Most importantly, we must ensure that the benefits realized are optimized for all Liberians.

The linkages are apparent and convincing.  This current generation must take the right decisions and actions upfront. We are dealing with finite resources. Once depleted, they cannot be replenished. The spectre of future generations without the benefit of these mineral resources in a country that has not invested properly the proceeds from those resources should frighten us all.

Globally, we must continue to seek assistance from development partners and together we can study lessons learned from other oil rich nations with the intent of improving the effectiveness of our institutions, policies and regulatory capacity.

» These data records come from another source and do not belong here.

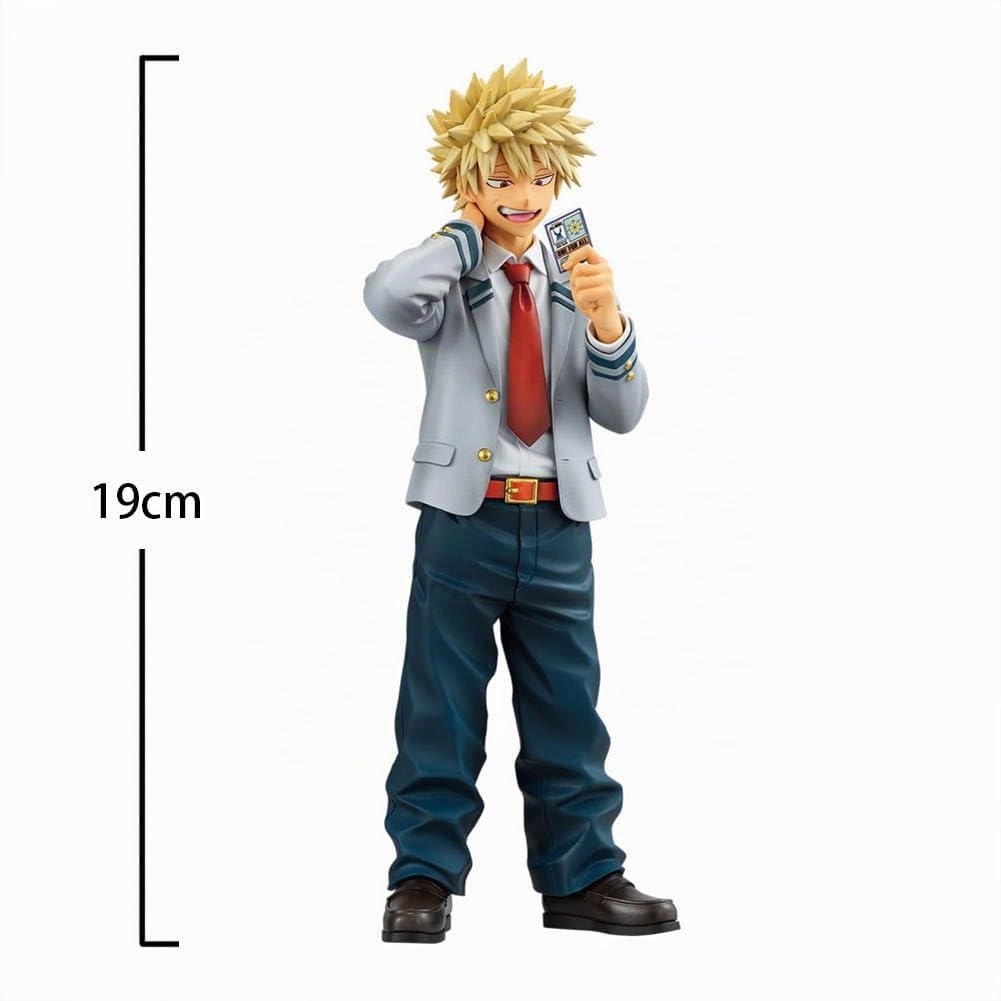 Zhongkaihua, Figura di Bakugou Katsuki con Uniforme Scolastica, Carattere dell'anime Bakugou, Action Figure Manga da 19 cm, Modello in PVC da Collezione, Regalo per Fan di MHA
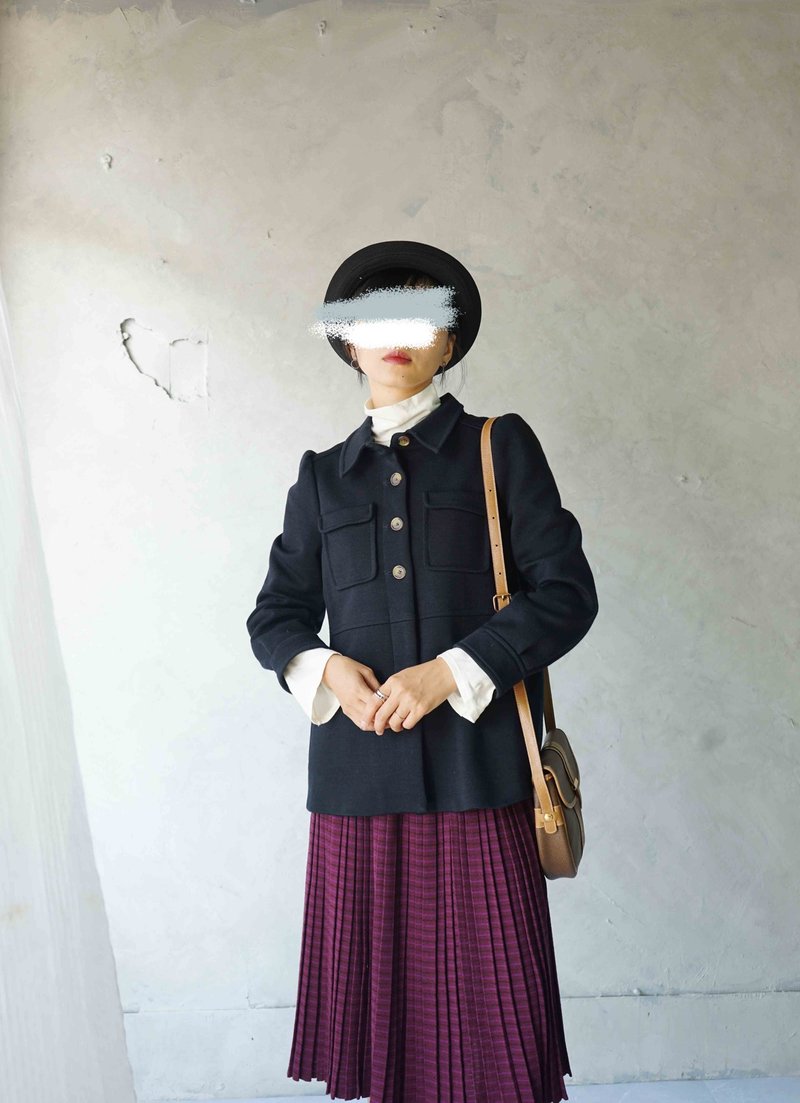 寻宝古着-MARC JACOBS水手深蓝毛料双口袋针织毛料衬衫外套 - 女装休闲/机能外套 - 羊毛 蓝色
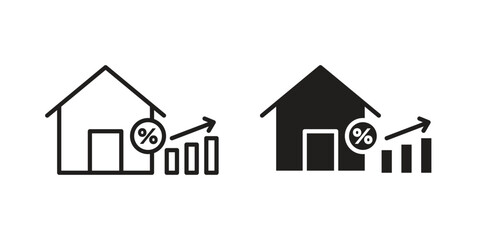 Mortgage icon in minimal flat, stroke style. suitable for graphic designs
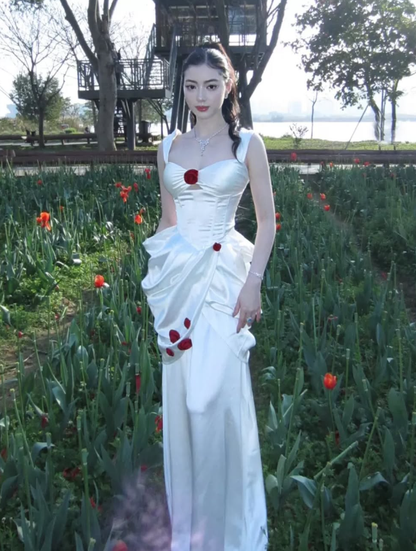 White Sheath Spaghetti Strap Pleated Satin Prom Dresses Outfits DP4198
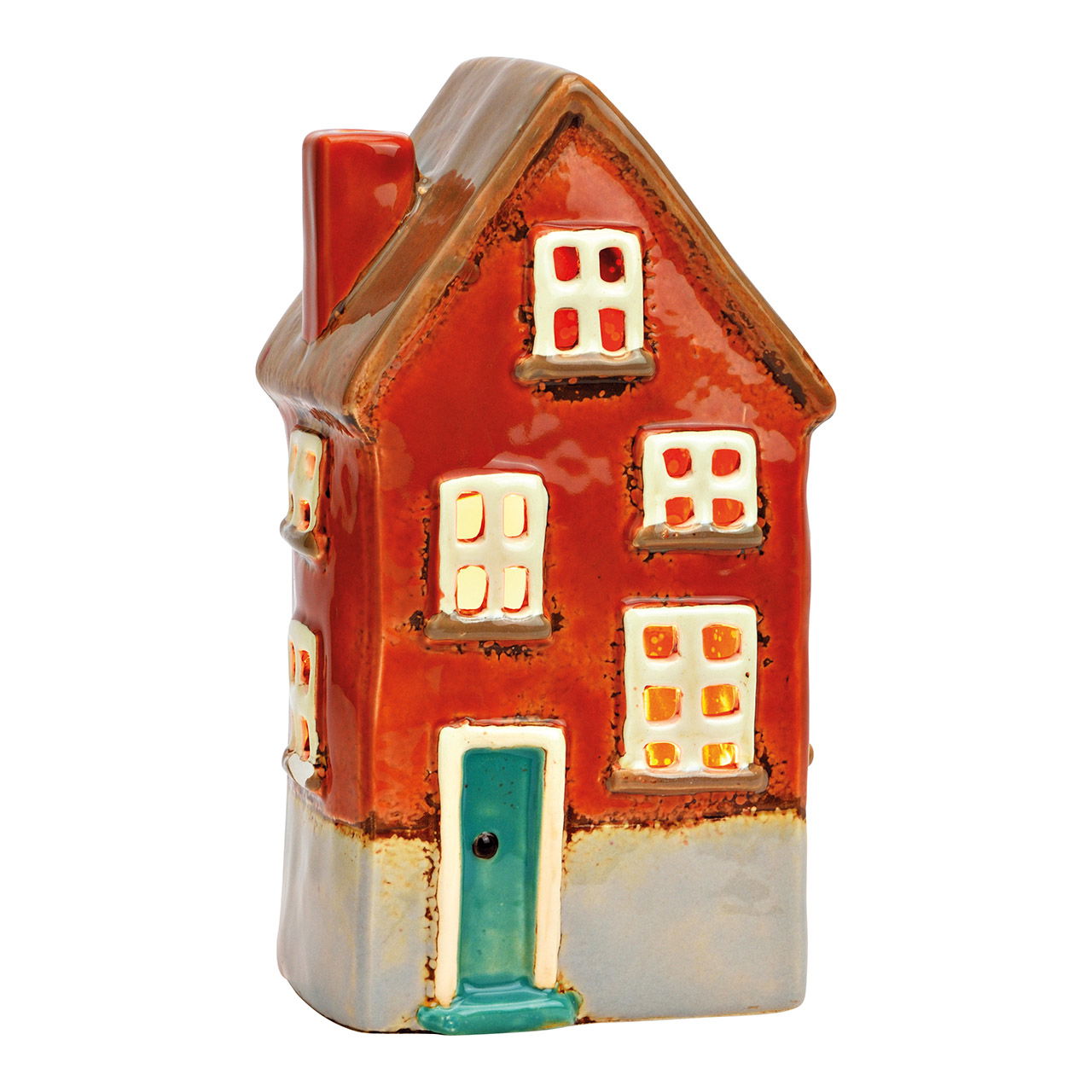 Stoneware lantern house colorful (W/H/D) 10x18x8cm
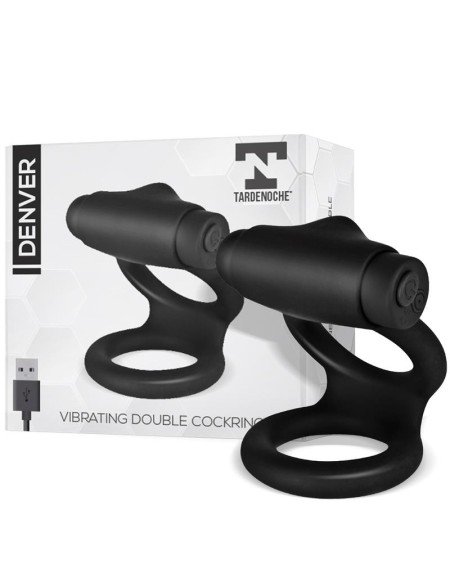 denver double cockring with vibrant bullet usb silicone noir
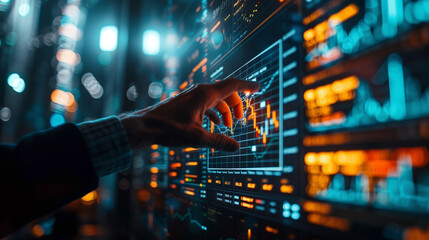 Close-up of a businessman's hand analyzing financial data on a futuristic digital screen with glowing graphs and stock market statistics.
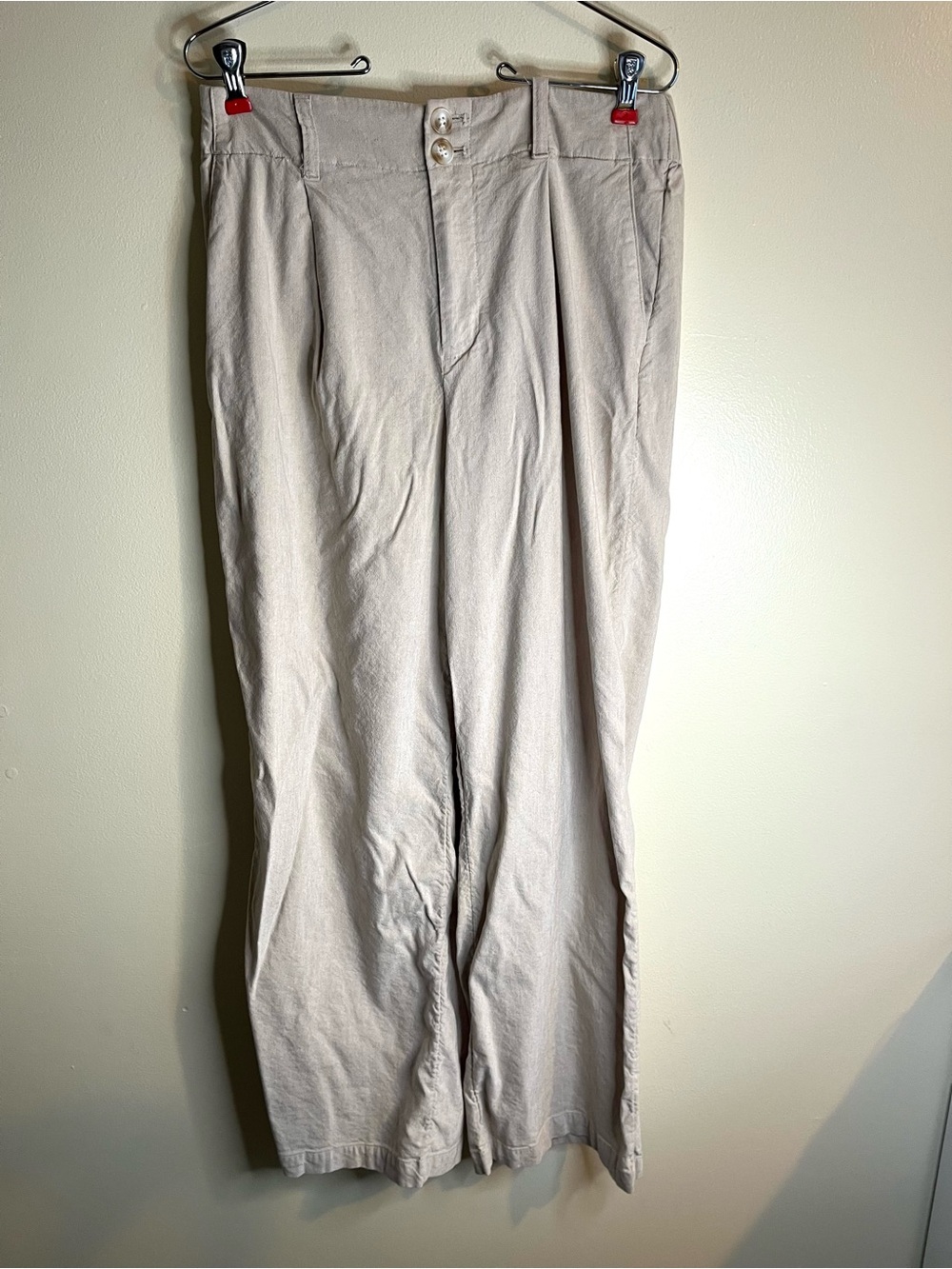 LC Lauren Conrad Beige Linen Blend Pants Wide Leg High Rise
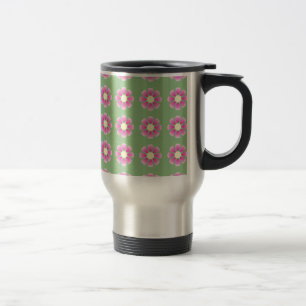 Caneca Térmica Padrão de margarida rosa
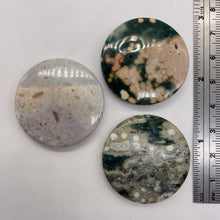 Load image into Gallery viewer, Green White Gray Pink Ocean Jasper Pendant Beads| 36mm | 3 beads |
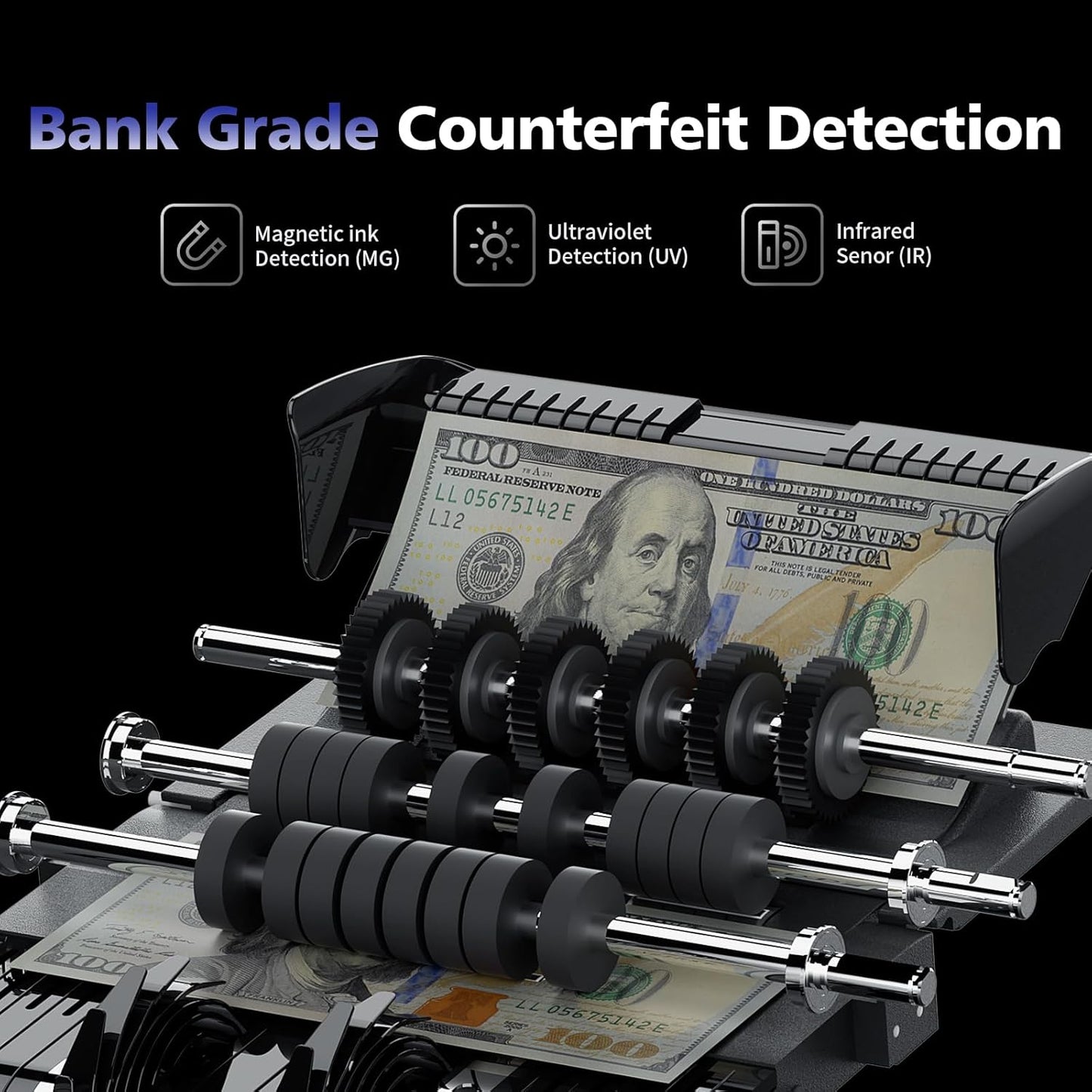 N71 Money Counter Machine Mixed Denomination, Dual-Display Mixed Denomination Value Counting Machine with UV/MG/IR/DD Counterfeit Detection, USD, EUR, MXN, GBP and CAD Business Money Counter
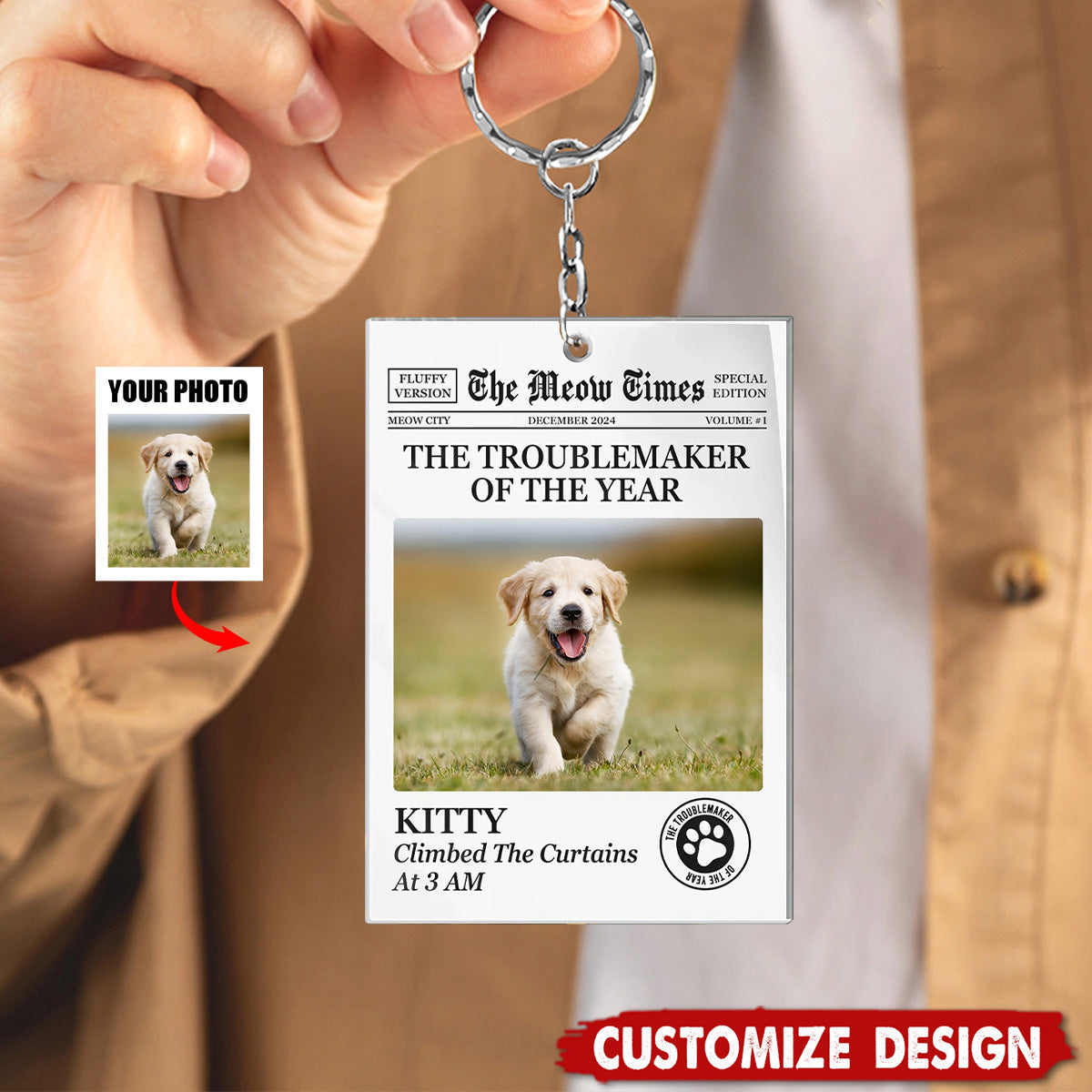 The Troublemaker Of The Year  - Personalized Cat Dog Keychain - Gift For Pet Lovers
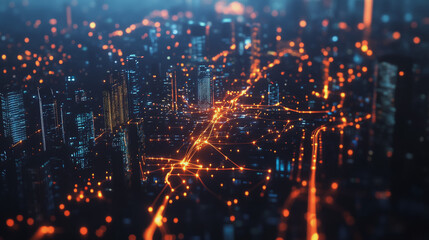 Obraz premium Smart digital Innovation city with connection network reciprocity over the cityscape. of future smart wireless digital city and social media networking systems that connects people with in city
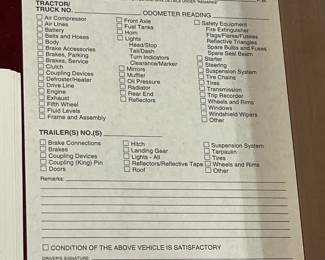 Driver's Vehicle Inspection Report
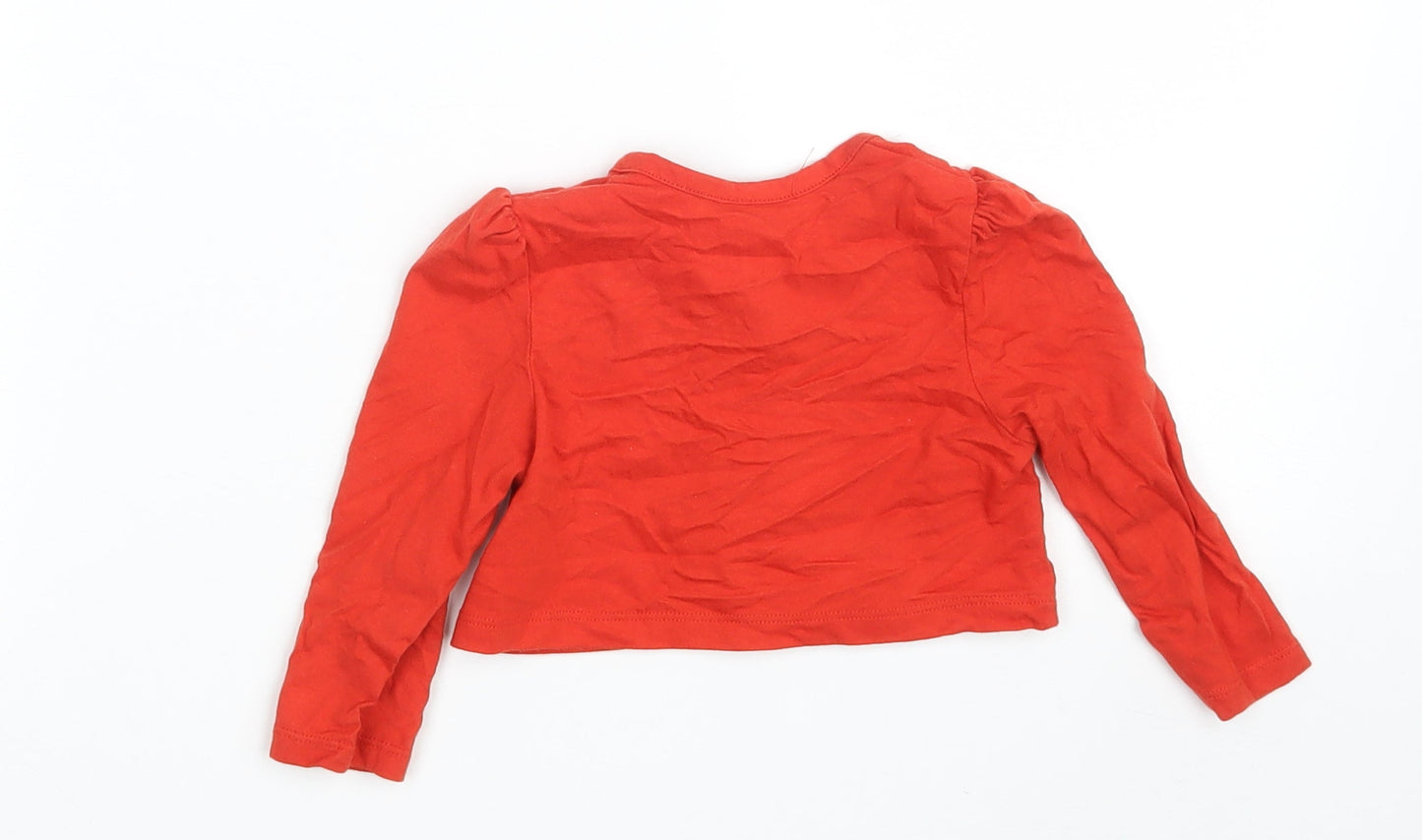 Matalan Girls Red  100% Cotton Cardigan Jumper One Size  Button
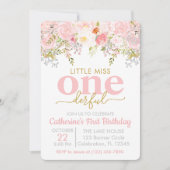 Roze Miss ONEderful Girl First Birthday Kaart (Voorkant)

Nationally, we must work to strengthen our capacity to carry out strategic assessments of current policies and programs. Continued strategic assessments would render the oil and gas sector of significant importance, higher priority, and therefore strategic decisions would be subjected to social and environmental scrutiny.

We must engage the private sector (internationally and locally) to provide business solutions to sustainable development challenges in the oil and gas sector.

At the community level and all sectors of the Liberian society, through more and more awareness and inclusion, individuals and communal actions could prove in the short and long run important in developing our nation oil and gas sector sustainably. Recognizing that future generations should not suffer at the expense of the current generation’s inability to manage the country’s oil and gas resources properly.

In conclusion, on behalf of the Board of Directors of NOCAL, we again pledge our unwavering commitment to this process.